According to a recent discovery by scientists, the most likely cause of the deadly outbreak of Ebola in West Africa was a young boy playing near a colony of virus-infected bats.

AIT reports that the scientist said the two year old boy described as patient zero became infected and was the first to die in his village in Meliandou, Guinea in December 2013.

‘Patient zero’ was Emile Ouamouno, and he was described as a playful toddler by his father Etienne.

Before his death, on December 6, 2013, Emile had been near a tree housing the free tailed bats.

The toddler came down with a high fever, began vomiting and passing black stools. It was after four days that the disease claimed Emile’s life, and he passed away on December 6, 2013.

His sister Philomene fell ill on Christmas Day last year, and was dead before New Year.

Their mother followed, along with their grandmother, Etienne said earlier this year.
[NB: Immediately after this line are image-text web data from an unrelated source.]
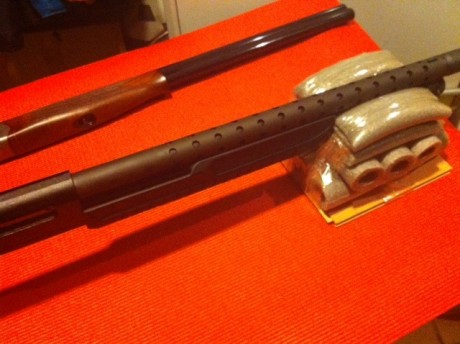 Hola companeros.
la semana que viene voy a conseguir una Hatsan MP,
calibre 12 mágnum (12/76).
Cañón slug 72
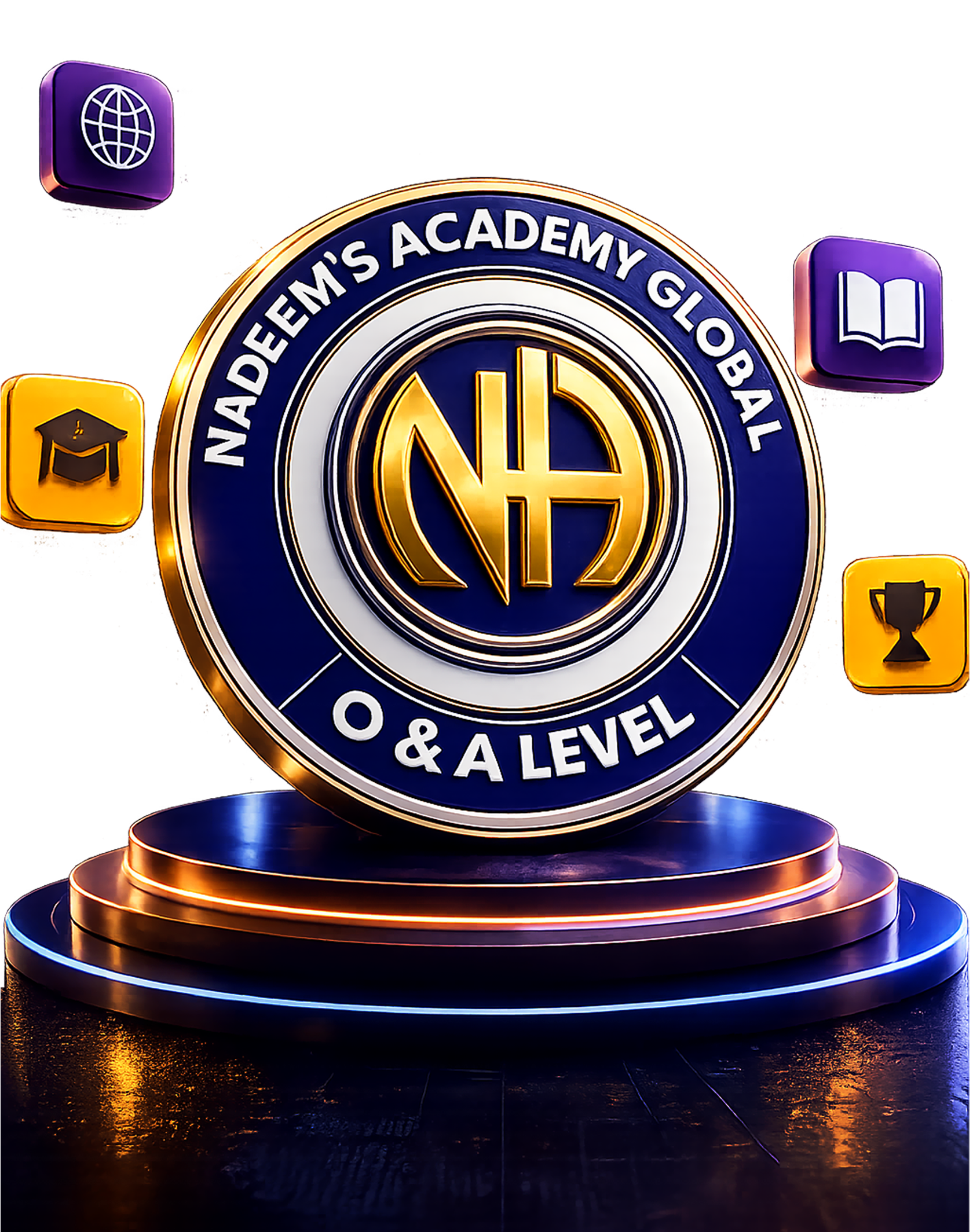 Nadeem's Academy O & A Level badge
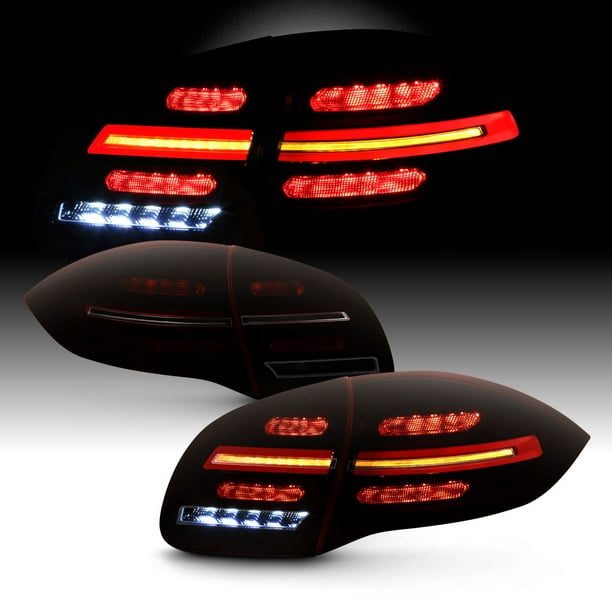 For 20112014 Porsche Cayenne 958 LED Sequential Signal Red Smoked Tail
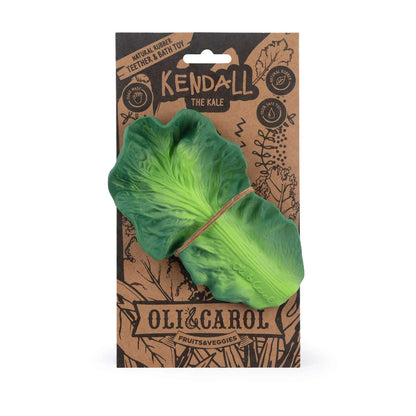 Oli&Carol – Kendall the Kale Baby Teether in gomma naturale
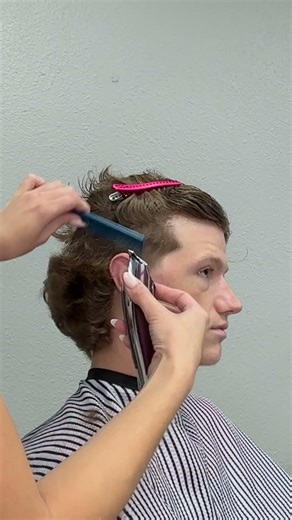 Men’s Hair Cut Tutorial 💈#taperfade #menshairstyle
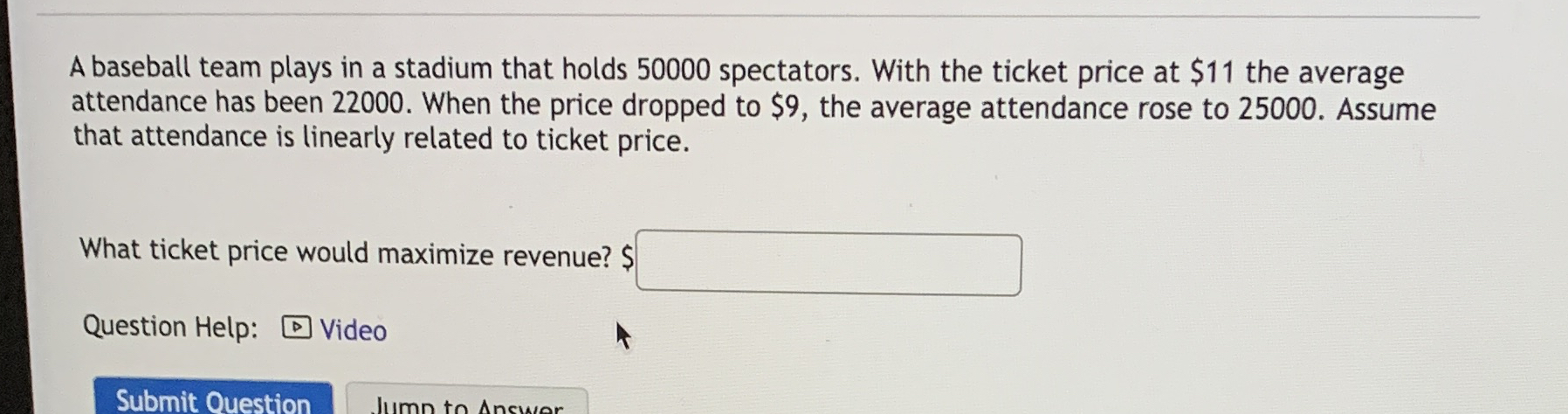 A baseball team plays in a stadium that holds 5 0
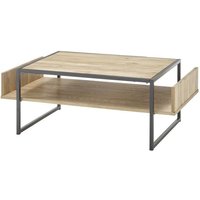Couchtisch MARLON von Stolkom Eiche massiv / Schwarz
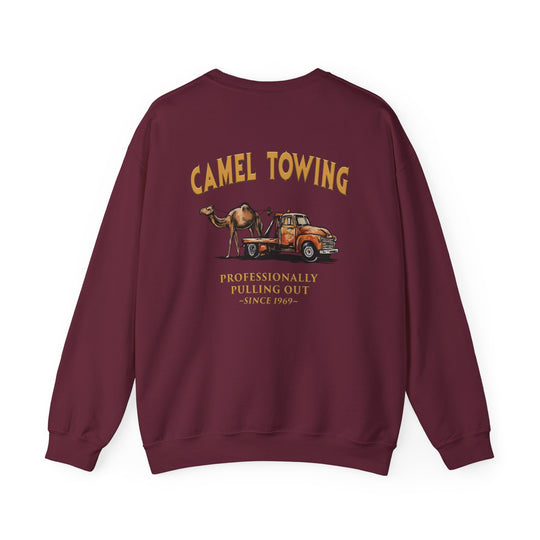 Camel Towing Back Crewneck Sweatshirt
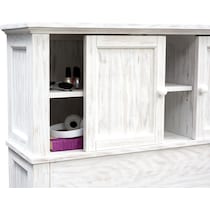 sidney white full bookcase bed w storage   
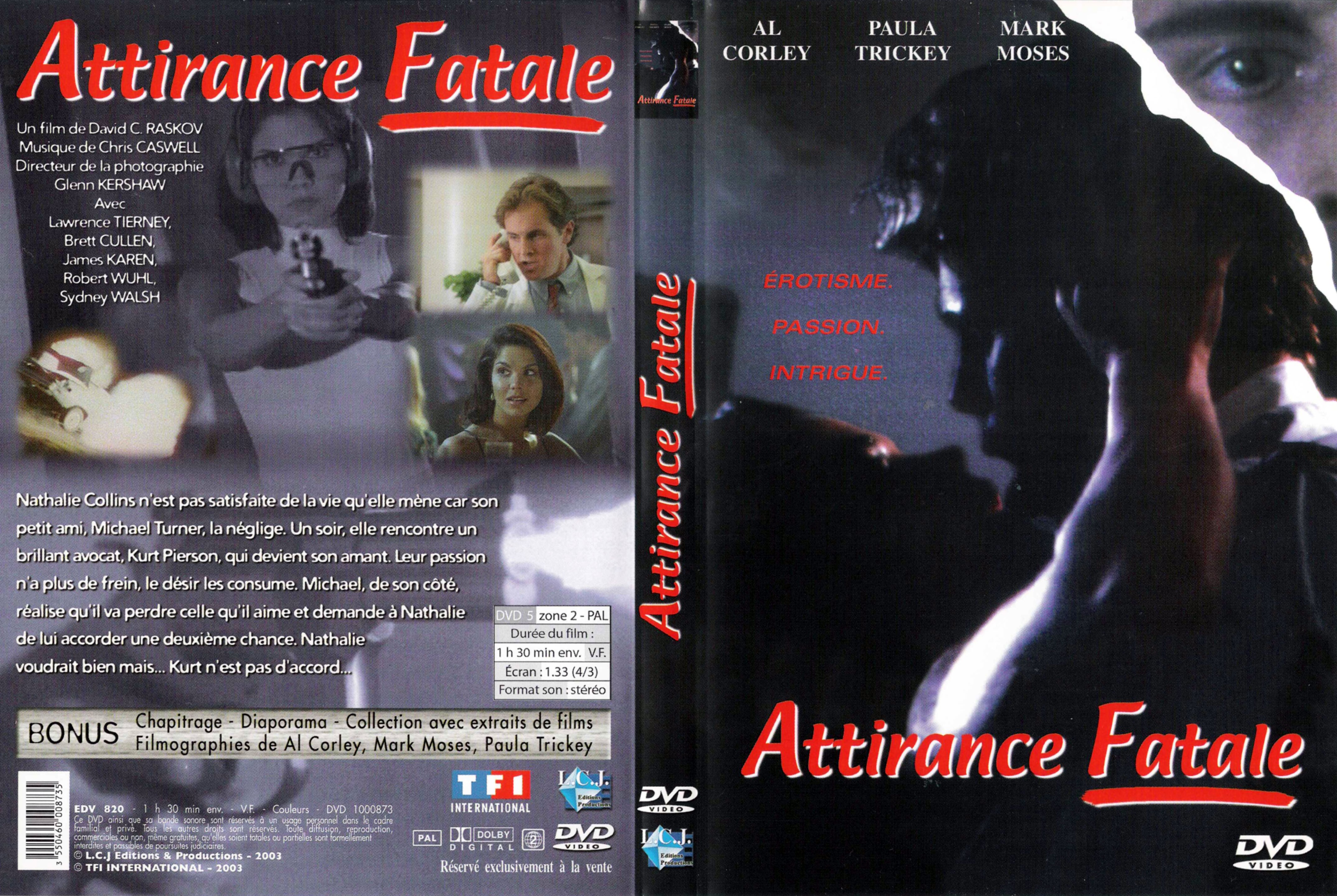 Jaquette DVD Attirance fatale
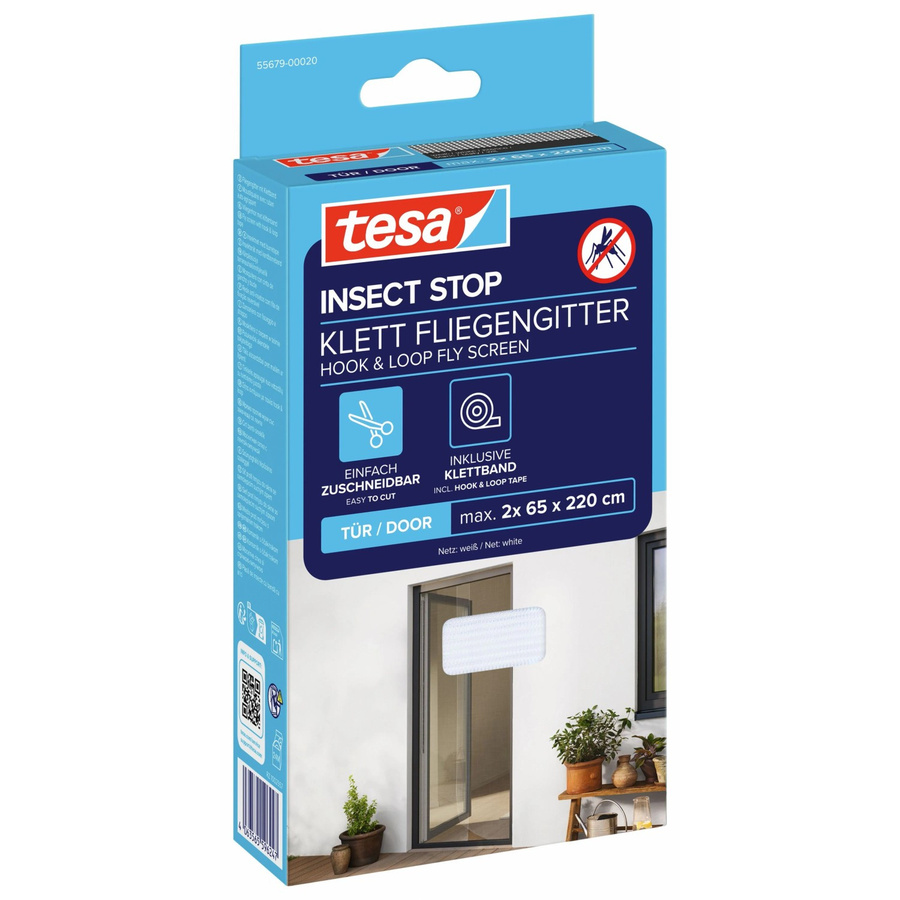 tesa Insect Stop Klett Fliegengitter für Türen in Weiß - Bild 2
The disease then spread to other members of the community before spreading to other parts of Guinea.

The disease was only recognized as Ebola in March, and in the summer it began to spread across international borders, infecting people in Sierra Leone, Liberia and Nigeria, before patients were diagnosed in Spain, US and UK.

The epidemic represents the largest ever recorded Ebola outbreak, killing 7,800 people by December 17, 2014.

Fruit bats are the commonly suspected carriers of the Ebola virus and have been linked to previous outbreaks in Africa. They are often hunted for food, but the scientists say they are an unlikely source of infection.

The World Health Organisation recently revealed that, more than 20,000 people have been infected by Ebola in Sierra Leone, Liberia and Guinea since the outbreak of the virus began.